Data that are severely skewed can affect the validity of the p-value if your sample is small (< 20 values). If your data are severely skewed and you have a small sample, consider increasing your sample size.

Outliers

Outliers, which are data values that are far away from other data values, can strongly affect your results. Often, outliers are easiest to identify on a boxplot.

On a boxplot, asterisks (*) denote outliers.

Try to identify the cause of any outliers. Correct any data-entry errors or measurement errors. Consider removing data values for abnormal, one-time events (special causes). Then, repeat the analysis.

Individual value plot

An individual value plot displays the individual values in each sample. The individual value plot makes it easy to compare the samples. Each circle represents one observation. An individual value plot is especially useful when your sample size is small.

Interpretation

Use an individual value plot to examine the spread of the data and to identify any potential outliers. Individual value plots are best when the sample size is less than 50.

Skewed data

Examine the spread of your data to determine whether your data appear to be skewed. When data are skewed, the majority of the data are located on the high or low side of the graph. Skewed data indicate that the data might not be normally distributed. Often, skewness is easiest to detect with an individual value plot, a histogram, or a boxplot.

Right-skewed
Left-skewed

The individual value plot with right-skewed data shows wait times. Most of the wait times are relatively short, and only a few wait times are longer. The individual value plot with left-skewed data shows failure time data. A few items fail immediately, and many more items fail later.

Outliers

Outliers, which are data values that are far away from other data values, can strongly affect your results. Often, outliers are easy to identify on an individual value plot.

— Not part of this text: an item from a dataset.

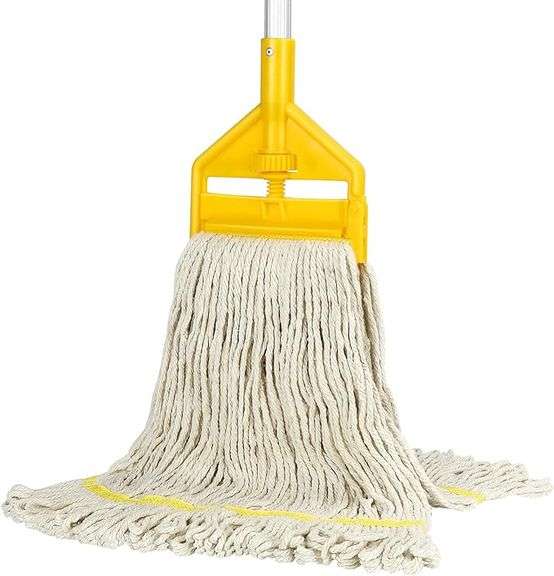 Commercial Mop Heavy Duty Industrial Cotton Mop with Long Handle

On an individual value plot, unusually low or high data values indicate potential outliers.

Try to identify the cause of any outliers. Correct any data-entry errors or measurement errors. Consider removing data values for abnormal, one-time events (special causes). Then, repeat the analysis.

Interval plot

Use the interval plot to display the mean and confidence interval for each group.

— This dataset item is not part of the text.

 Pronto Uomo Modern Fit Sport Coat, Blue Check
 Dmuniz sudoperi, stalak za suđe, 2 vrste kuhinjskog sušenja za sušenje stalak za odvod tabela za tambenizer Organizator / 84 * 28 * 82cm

The interval plots show the following:
  • Each dot represents a sample mean.
  • Each interval is a 95% individual confidence interval for the mean of a group. You can be 95% confident that the group mean is within the group's confidence interval.
Important

Interpret these intervals carefully because your rate of type I error increases when you make multiple comparisons. That is, the more comparisons you make, the higher the probability that at least one comparison will incorrectly conclude that one of the observed differences is significantly different.

Interpretation

In these results, Blend 2 has the lowest mean and Blend 4 has the highest. You cannot determine from this graph whether any differences are statistically significant. To determine statistical significance, assess the confidence intervals for the differences of means.